No es casual que Anderson ni siquiera considere esta perspectiva. En su registro no hay cambios en el paradigma de “pesimismo histórico” (como lo llamara Gilbert Achcar) expresado en “Renewans” (NLR 1, Segunda Época), cuando afirmaba que “el capitalismo norteamericano ha restablecido sonoramente su primacía en todos los campos –económico, político, militar y cultural”6. Aunque su crítica a los estrategas norteamericanos señala que un punto central es su desatención a las causas subyacentes “del enlentecimiento del crecimiento del producto, el ingreso per cápita y la productividad, y el aumento concomitante de la deuda pública, corporativa y de los hogares, no solo en los EE.UU. sino en el conjunto del mundo capitalista avanzado” (pp. 165/166), en el caso de Anderson lo que resulta llamativo es el alcance limitado que le da a los efectos de la crisis actual, que, aún con las políticas de contención aplicadas, sigue siendo la más extendida y convulsiva desde la Gran Depresión. Es llamativo que no entren en consideración los impactos para la ideología que sustenta la capacidad de influencia del “modelo” norteamericano (un componente central de la hegemonía)7, considerando que para algunos economistas “los propios criterios de eficacia del capitalismo están cuestionados”8.

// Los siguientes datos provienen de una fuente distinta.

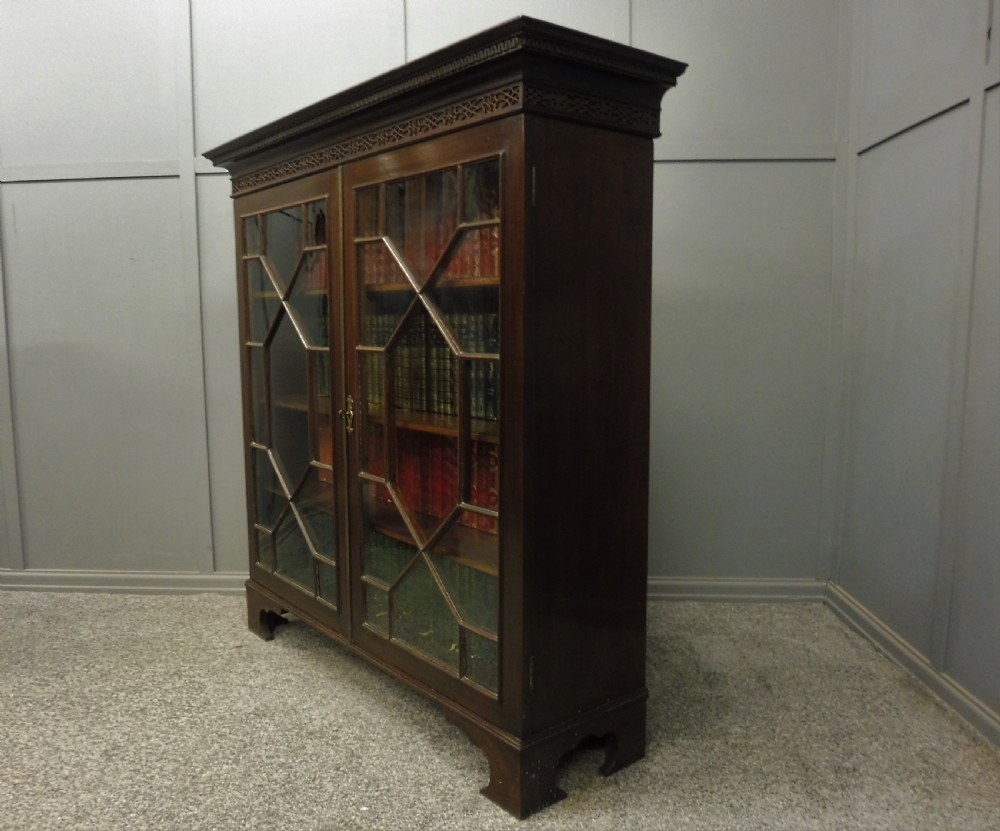 EDWARDIAN MAHOGANY BOOKCASE View VI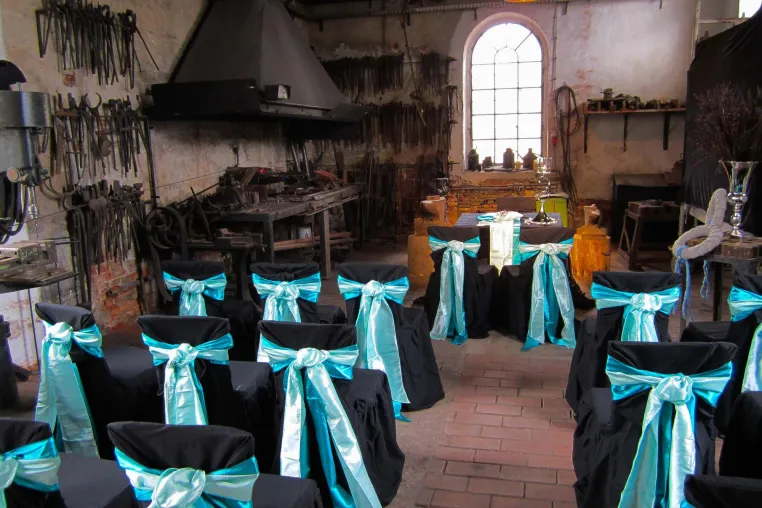 Heirate lieber ungewöhnlich: Erstaunliche Hochzeitsorte in Saale-Unstrut Bild: Heirate lieber ungewöhnlich: Erstaunliche Hochzeitsorte in Saale-Unstrut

Más sorprendente resulta considerando que cuando escribió “Renovaciones”, Anderson planteaba como hipótesis que una profunda crisis económica en Occidente era uno de los elementos que podía empezar a cambiar el clima ideológico. Las manifestaciones juveniles y la resistencia obrera a los ataques ocasionados por la crisis, no parecen alterar el pronóstico de comienzos de milenio. En la lectura de Anderson, incluso la primavera árabe ayudó a fortalecer la posición norteamericana en Medio Oriente, debilitando un adversario como Assad sin que surgiera en Egipto “un régimen capaz de tener mayor independencia respecto de Washington”, y llevando a “un fortalecimiento respectivo en el peso y la influencia de las dinastías petroleras de la península arábiga” aliadas a Washington (p. 72), aunque ahora inquietas con el acuerdo con Irán.

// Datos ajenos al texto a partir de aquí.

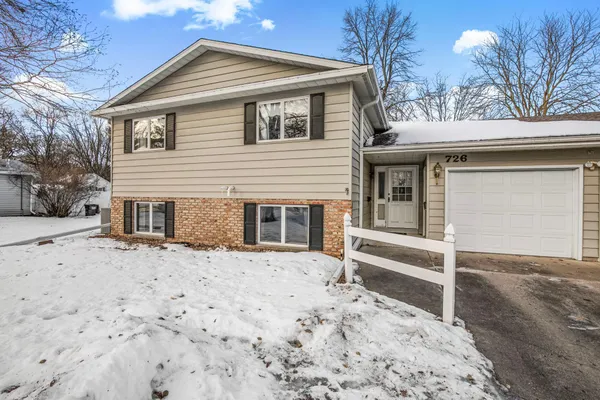 $490,000 | 726 Hassan Street Southeast, Hutchinson, MN 55350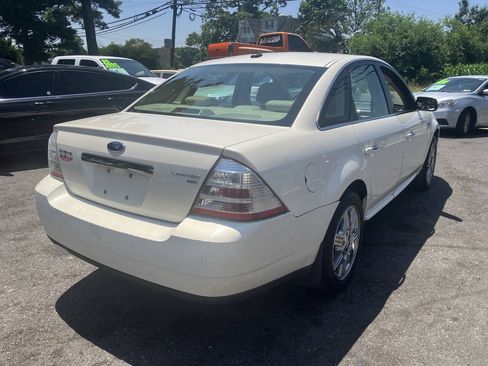 Used 2009 Ford Taurus Limited AWD/4WD image 6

Anderson comenta, con ironía, que resulta llamativa “la naturaleza fantástica de las construcciones” con las que los estrategas norteamericanos buscan afrontar una realidad con signos de adversidad. “Grandes reajustes en el tablero de ajedrez de Eurasia, vastos países movidos como tantos castillos o peones a través de este; extensiones de la OTAN al Estrecho de Bering” (p. 166). Parece que la única forma de pensar el restablecimiento del liderazgo norteamericano “fuera imaginar un mundo enteramente distinto” (p. 166). Parece, leyendo a Anderson, que lo mismo deberíamos hacer si aspiramos a pensar algún futuro con oportunidades revolucionarias, aunque a él ni se le ocurra especular al respecto.